Wednesday, September 10, 2014

My Fun Evolution Trip Part Eight: Tundra and Meadow

I was driving from Bozeman, Montana toward Coeur d’Alene, Idaho, which should have been a relatively short drive. But I looked toward the south of I-90 and saw snowy peaks. And I wanted to hike to the tundra. So I took a highway south from Bozeman to the resort town of Big Sky. I kept driving past all the resorts where people spent a lot of money to do things I consider boring. At the end of the road there was a crowded parking lot for a trail leading to the Lee Metcalf Wilderness and Spanish Peaks. I took a little water, and my camera, and started walking. During the next four and a half hours of vigorous hiking, sometimes running, my body burned about 1500 calories.

For a long ways, I walked through rocky subalpine meadows. Meadows are not the same as tundra, though they intergrade into one another.

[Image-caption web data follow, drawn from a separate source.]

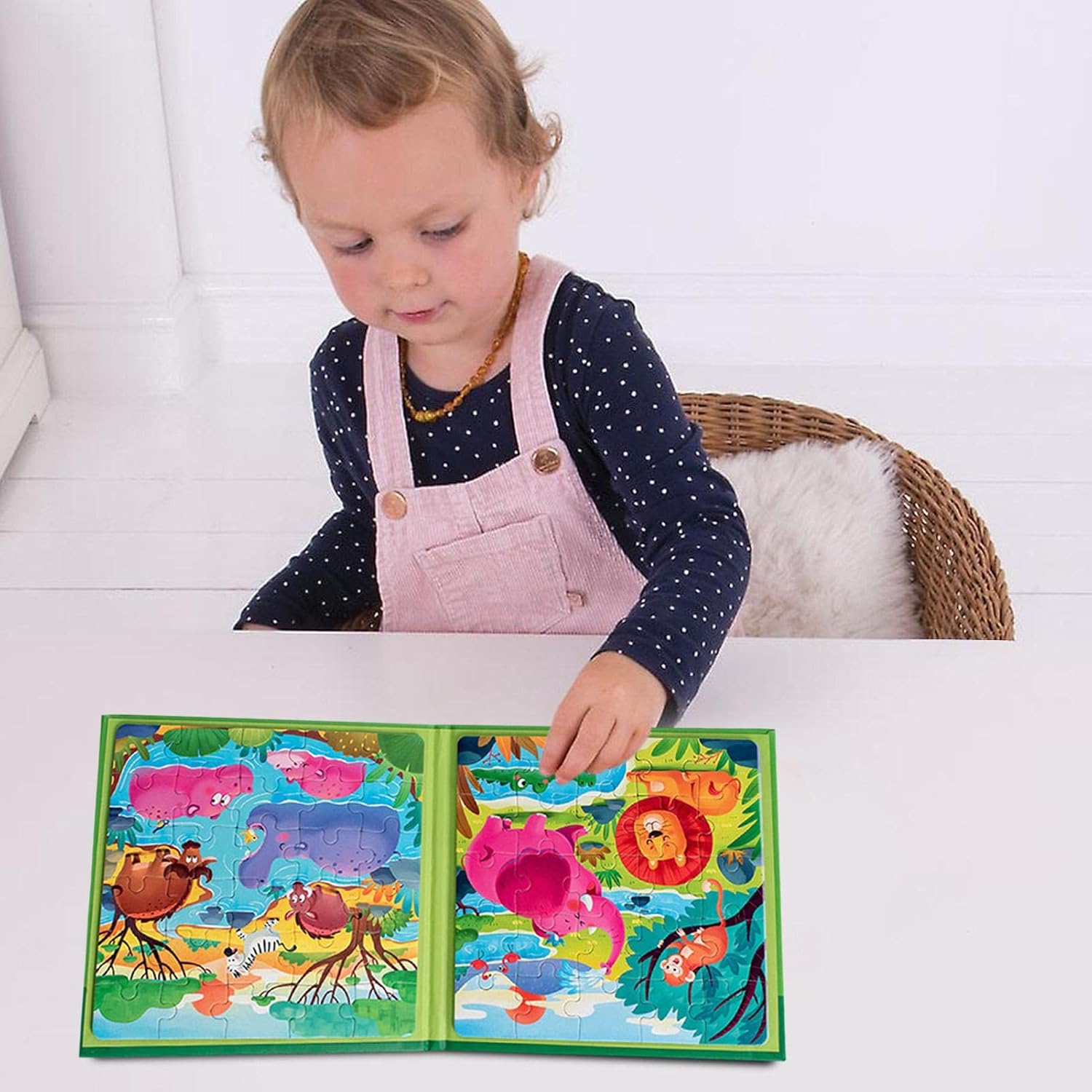 Space Puzzle Kids | Traffic Take-Along Magnetic Puzzles - Preschool Education Learning Toys for 3-6 Year Old Boys and Girls Thoran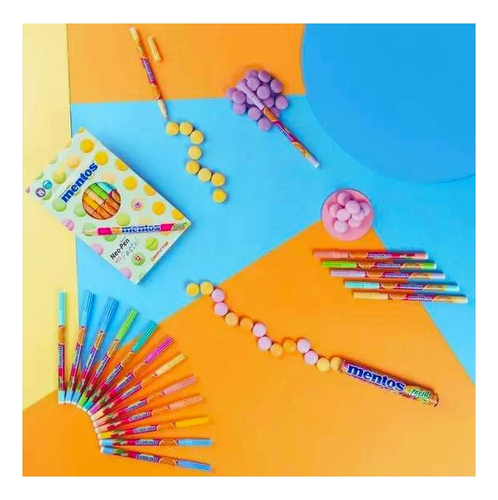 Hidrográfica Neo Pen Gigante Mentos c/12 Cores Pastéis 2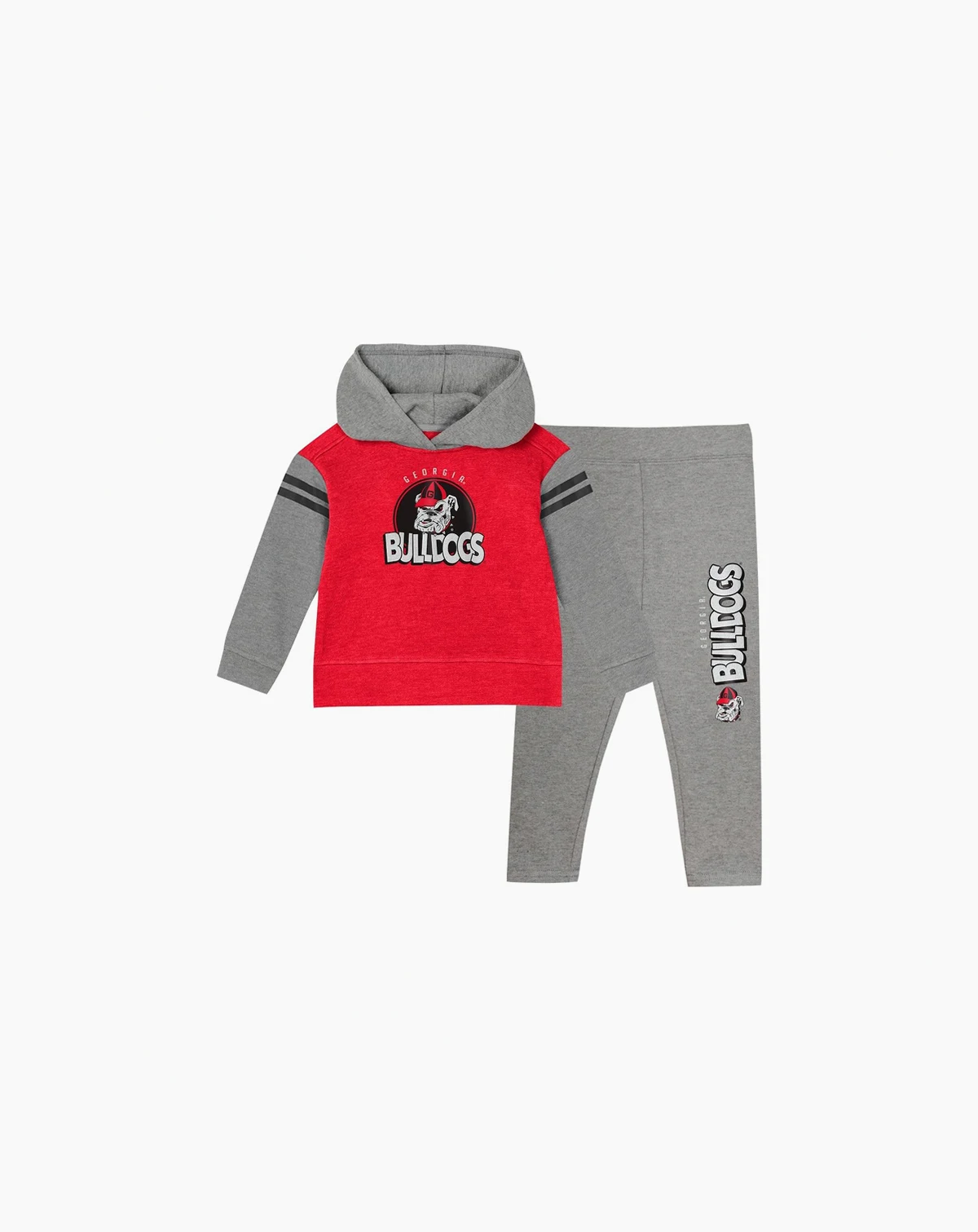 Girls Toddler 2-Piece Georgia Bulldogs Clubhouse Pullover Hoodie and Legging Set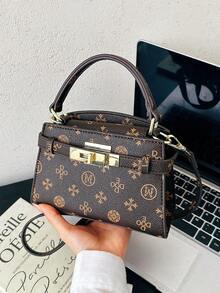 Dedoo Tas Tangan Wanita Mewah Motif Leci, Dekorasi Tali Warna Solid, Tas Bahu Selempang Ringan Multifungsi, Cocok untuk Berbelanja dan Kencan - MultiWarna - View 4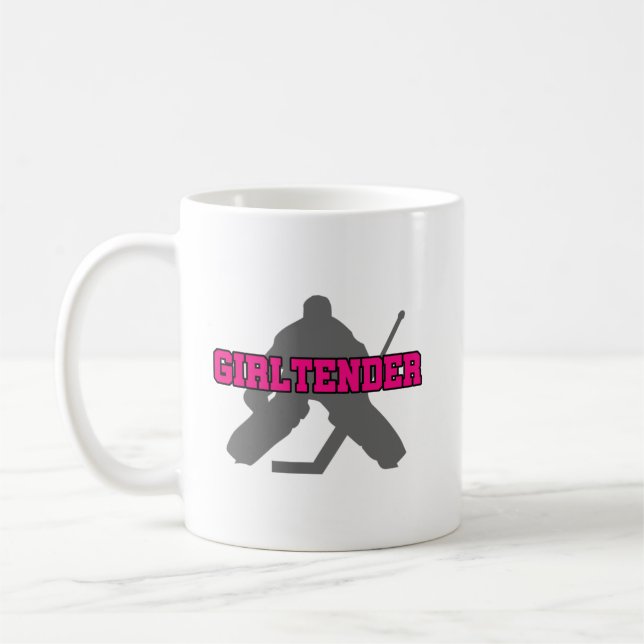 Hockey Goalie Girltender Kaffeetasse (Links)
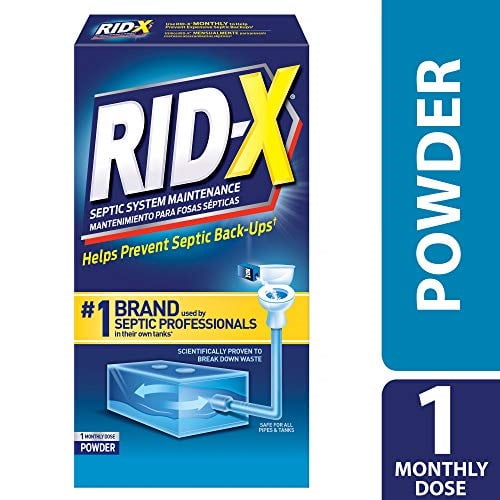 ridx septic treatment, 1 month supply of powder, 9.8 oz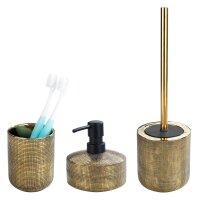 WENKO Badaccessoires-Set Rivara gold, 1 Set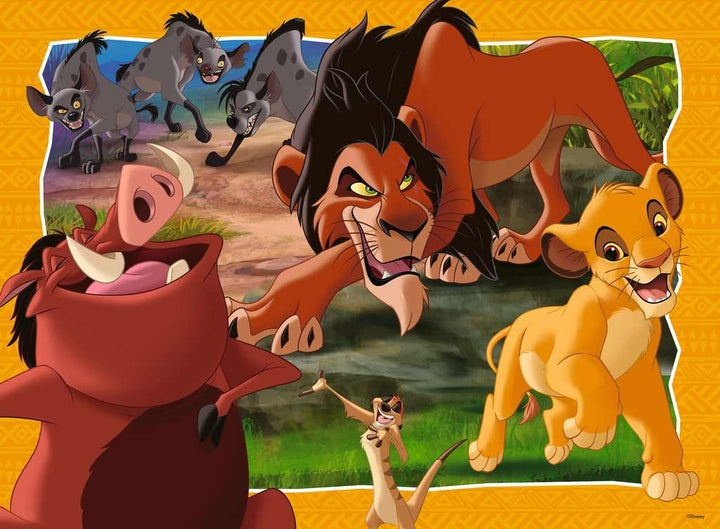 Ravensburger Kinderpuzzle 12001177 - Hakuna Matata - 200 Teile XXL Disney König der Löwen Puzzle für Kinder ab 8 Jahren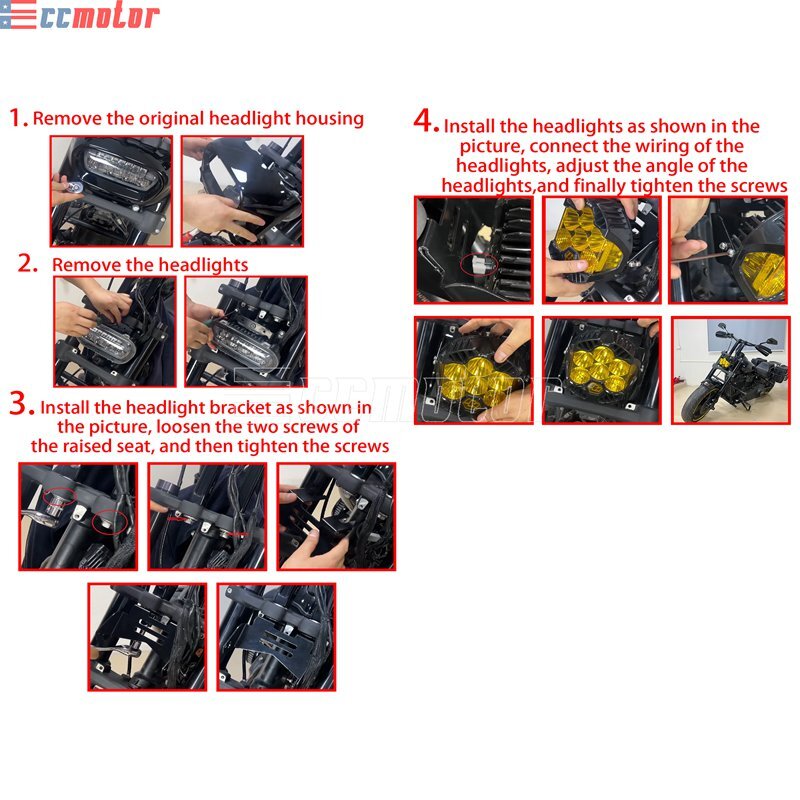 Headlight Bracket Mount Combo Kit For Baja Designs LP6 Pro LED Auxiliary Light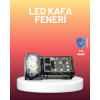 3 Fonksiyonlu LED Far El Feneri Çalışma Lambası Uzun Pil Ömürlü -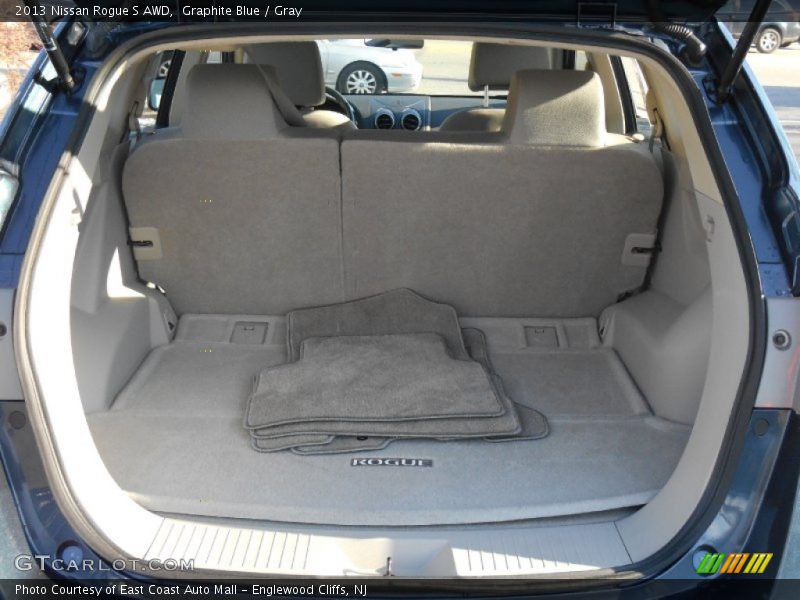 Graphite Blue / Gray 2013 Nissan Rogue S AWD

Meadows are open areas, associated with creeks, surrounded by forests of more or less full sized conifers, while tundra is an open area underlain by permafrost, interspersed with small krummholz trees. They are not the same, but it is understandable to confuse them. (What is not understandable is for Garrison Keillor to describe the tallgrass prairie of Minnesota as tundra.) One of the things tundra and subalpine meadows have in common is that they have a short growing season, and if the wildflowers are to bloom, they have to do it all at once, which just happened to be late July when I and hundreds of others were visiting.

For most of the trail, I was surrounded by meadows, characterized by some of the following plants. If you don’t like lists of plants, just skip ahead, but I include them for search engines to find.

Potentilla
Geraniums (both red G. viscosissimum and white G. richardsoni)
Mertensia bluebells
Balsamroot (Balsamorhiza), with inflorescences like huge sunflowers
Arnica, with smaller inflorescences
Cow parsnip of the genus Heracleum, probably H. sphondylium, introduced from Europe
Yellow columbines (Aquilegia)
Larkspurs (Delphinium)
Bright red Indian paintbrushes (Castilleja)
Prairie smoke (Geum), in fruit
Thalictrum
Forget-me-nots (Myosotis)
Bistort (Persicaria bistorta)

Elderberry (Sambucus)
Just try to imagine all the colors riotously thrown together! These photos will not do full justice.


Meadow flowers, with red geranium in the foreground.


Meadow flowers, with cow parsnip in the foreground.


Indian paintbrush from a subalpine meadow.


Columbine from a subalpine meadow.


Geranium viscosissimum from a subalpine meadow.

Not far from the trail, my fellow hikers and I saw a moose. It was the only moose I have ever seen and may be the only one I ever see.



There were also nutcrackers flying around, and I was delighted to tell the people who were watching them about how nutcrackers plant white pine seeds amidst the rocks.

And then, around one last bend, just before I was about to give up and turn around, I found a flat tundra with an utterly blue lake and patches of July snow. There was almost no overlap in plant species with those in the meadow. There were buttercups, a different species of lupine, lilies, and sedges. They were only about 15 centimeters tall, in contrast to the half meter height of the meadow plants.






Everyone on the trail seemed to be cheerful, and I had wonderful conversations with a large number of them. When I headed back down, I encouraged those who were still headed up that, when they reached the blue lake at the true tundra, they would feel like they were in heaven, if heaven was windy and chilly even in July. “May the forest be with you!” I told them, a phrase also on my T-shirt. I was as happy cheering on my fellow hikers as with the hiking itself.